You... might not be closing.

Jeff Foxworthy mastered the “You might be a redneck…” joke format, and has used it for decades. Today we take some inspiration from his format and apply it with some levity to the real estate market.

Jeff Foxworthy mastered the “You might be a redneck…” joke format, and has used it for decades. Today we take some inspiration from his format and apply it with some levity to the real estate market.

If your buyer is using FHA/USDA financing and your house is shedding paint faster than a Husky in Houston… You might not be closing. FHA/USDA/VA have strict rules on peeling paint - even if you have a newer home. If exterior wood surfaces should have covering to protect them, they’ll need to be scraped and painted to pass these minimum standards.

If your buyer is financing their loan, but the foundation is shakier than Evander Holyfield getting an ear exam from Mike Tyson…. You might not be closing. Banks want to know that the collateral (your home) will have at least 30 years of life left.

If your home has unfinished construction/remodeling that even the Clampetts would turn up their noses… you might not be closing. We get it, your home is going to be amazing… once it has a floor and working plumbing. Appraisers are skilled in the art of seeing what isn’t there yet (we have to do it all the time for new construction loans) but many lenders get worried about lending 100% of the money on 50% of a house.

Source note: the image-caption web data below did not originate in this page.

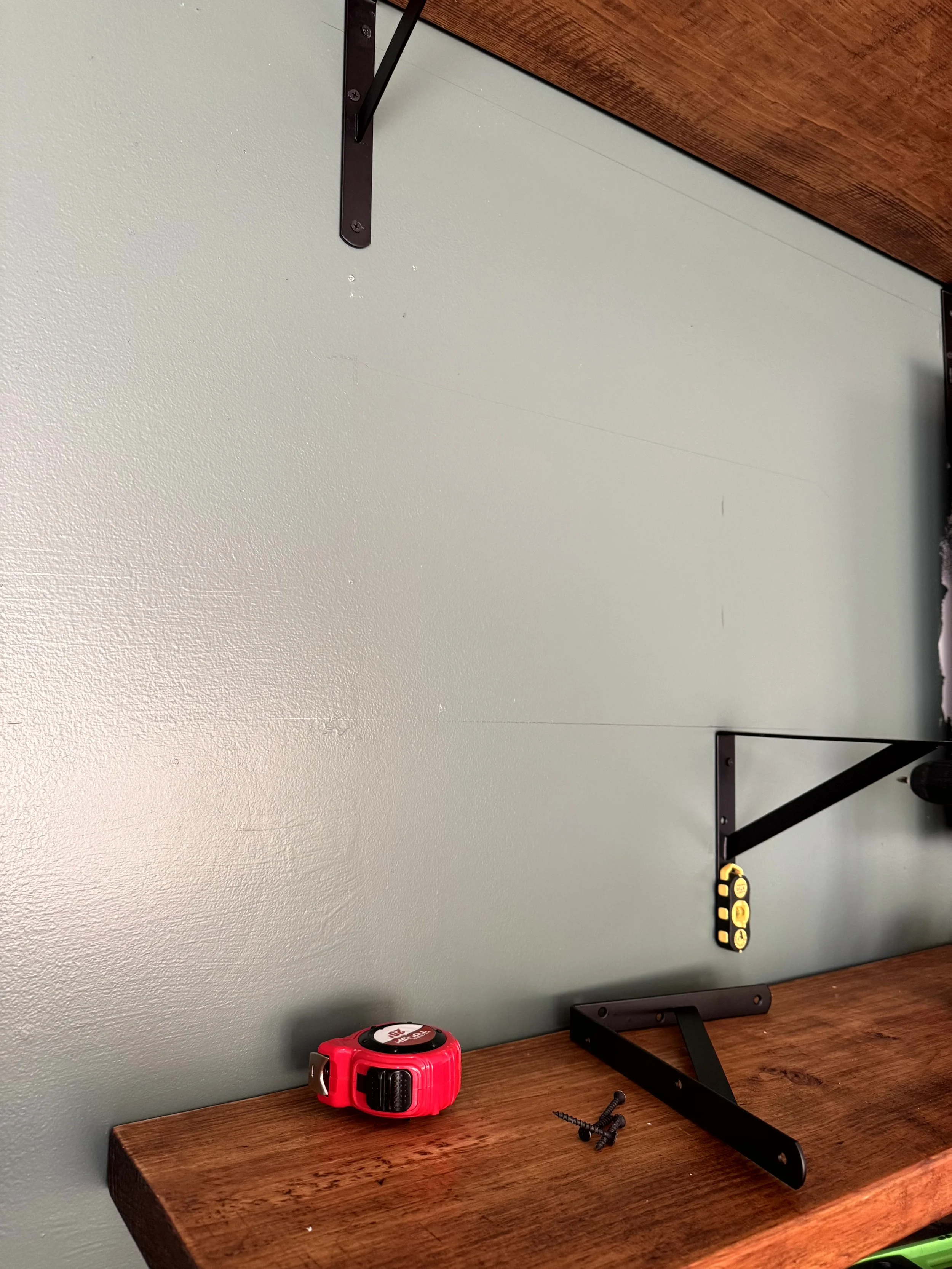  A lose up of the green walls, and brackets and shelves. A magnetic stud finder is attached to one of the brackets that is being installed  to make sure it is level. There are other brackets, screws, and a tape measure laying on the shelf below.  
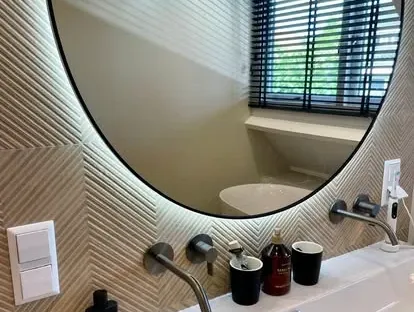 Badkamerrenovatie met zorgvuldig afgestemd sanitair, tegelwerk en verlichting.
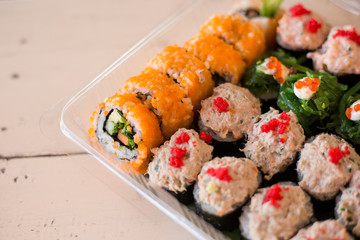 Mix japanese sushi rolls in take away package.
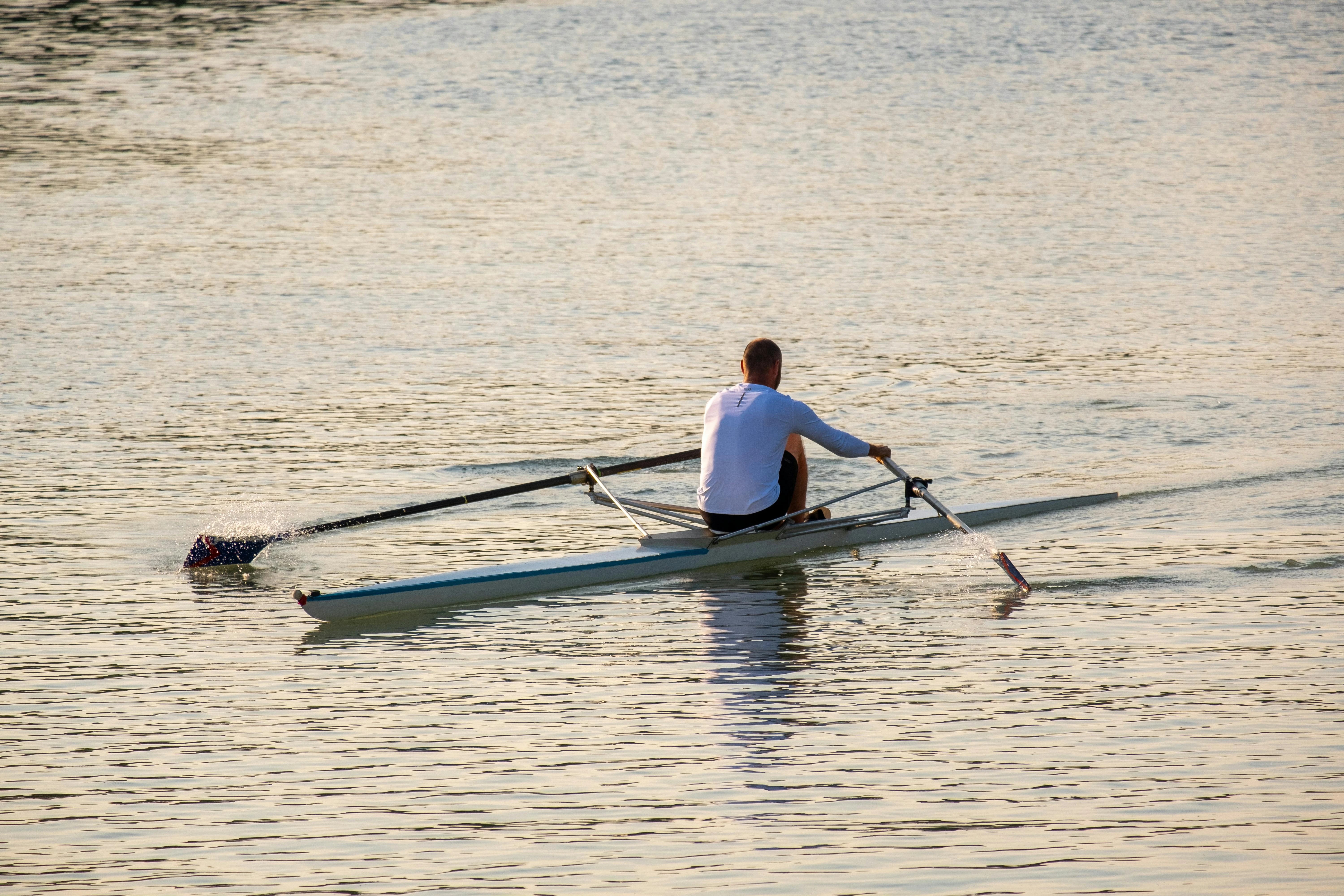 Man rowing solo on open water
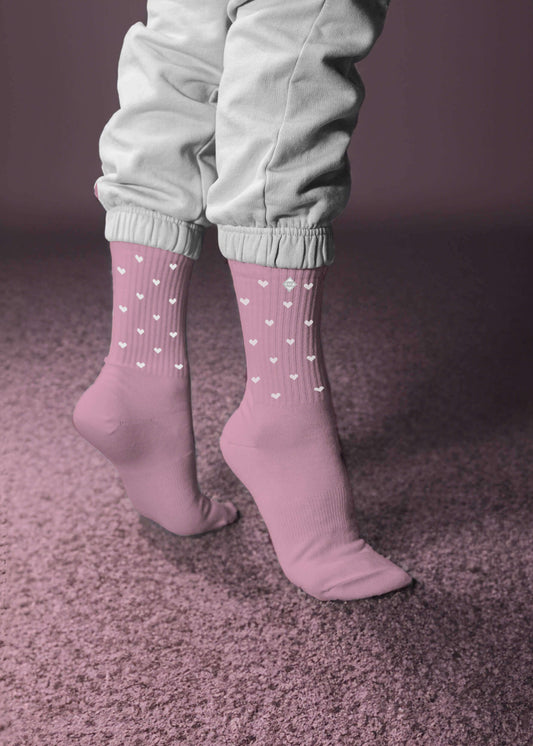 Eine Person steht auf Zehenspitzen in hellrosa Tennissocken von J.Clay mit kleinen weißen Herzen und hellgrauen Hosen mit Bündchen auf einem weichen rosa Teppich vor einem rosa Hintergrund.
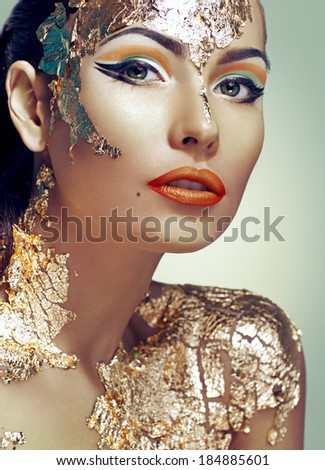 woman decorated with gold leaf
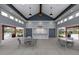 Relaxing outdoor lounge by the pool featuring a wet bar and ample seating at 101 Hiddenite Pl, Holly Springs, NC 27540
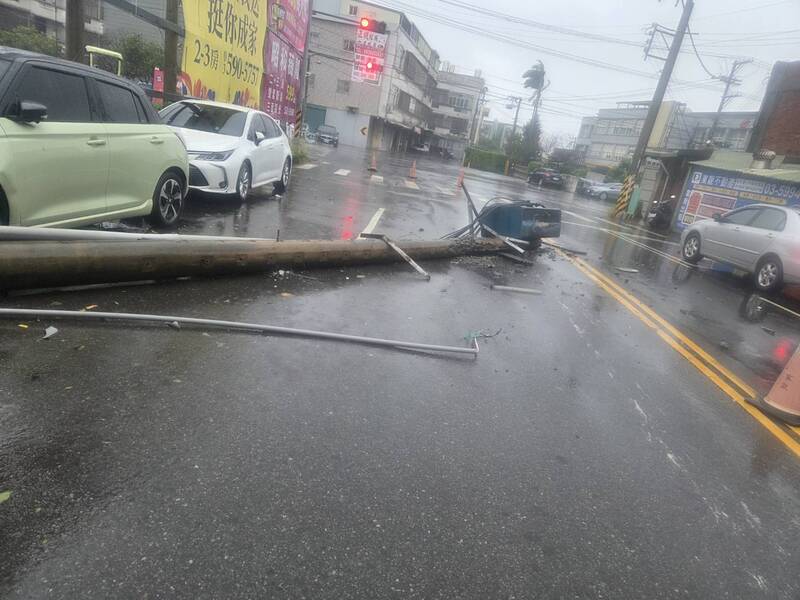 湖口鄉德興路架在電桿上的微型基地台，應聲傾倒橫躺在馬路上，造成停放路邊的轎車受損，所幸當時沒有人車行經。（吳淑君提供）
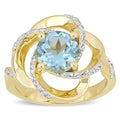 Miadora Yellow Plated Sterling Silver Sky Blue And White Topaz Swirl Halo Ring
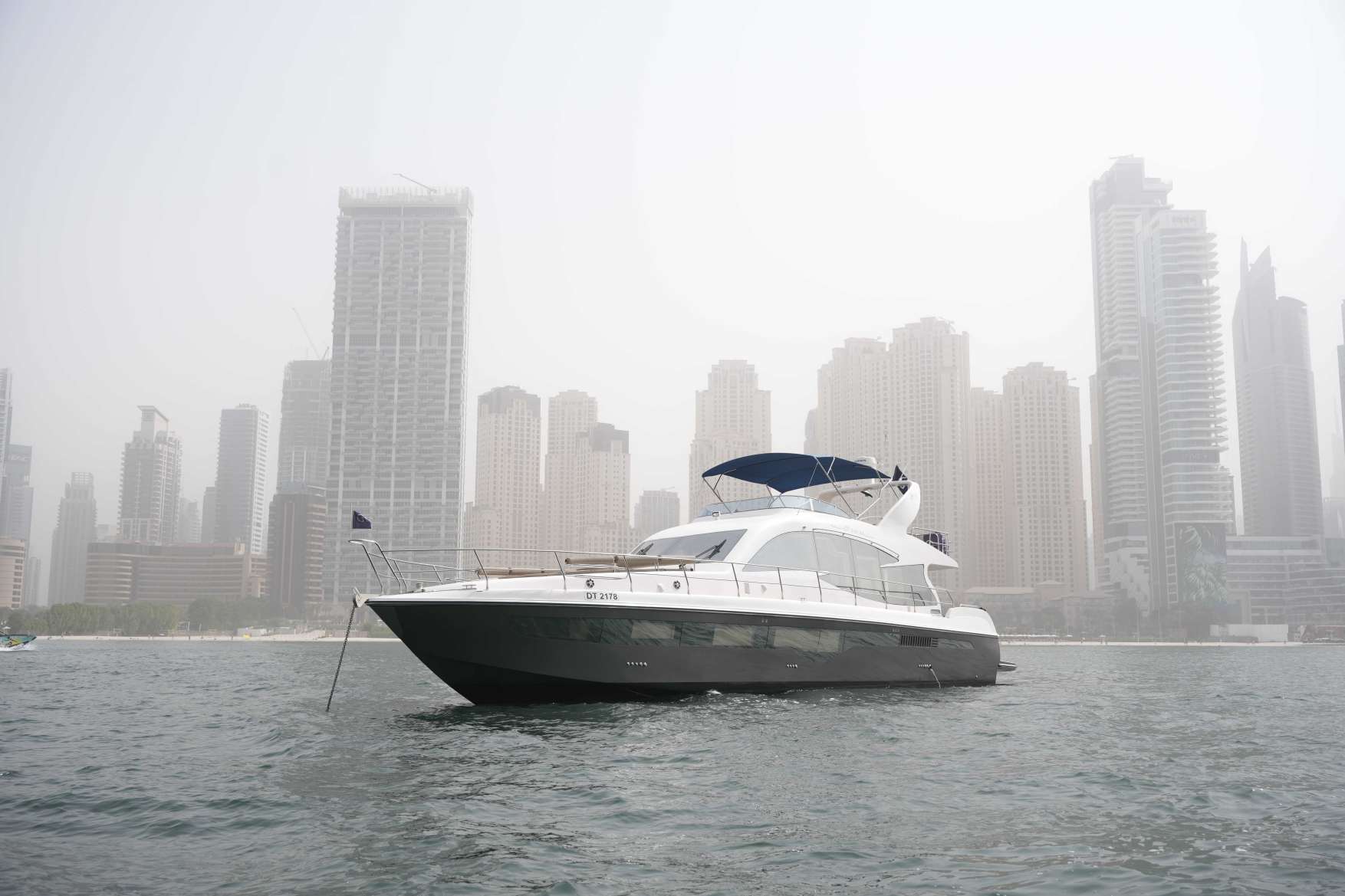 Belle 75 luxury yacht on the water with city skyline background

If you priced your 1 bedroom shack based on the mansion down the street because “location, location, location,” … you might not be closing. Location is important, but so is looking at a home like a buyer.

If you did all of the work yourself… without pulling any permits… you might not be closing. If construction has been performed that requires permits by your local municipality, many lenders will have a lot of extra questions.

If you dug for oil but hit the septic tank… you might not be closing. Active environmental hazards need to be addressed before the lender will write a loan.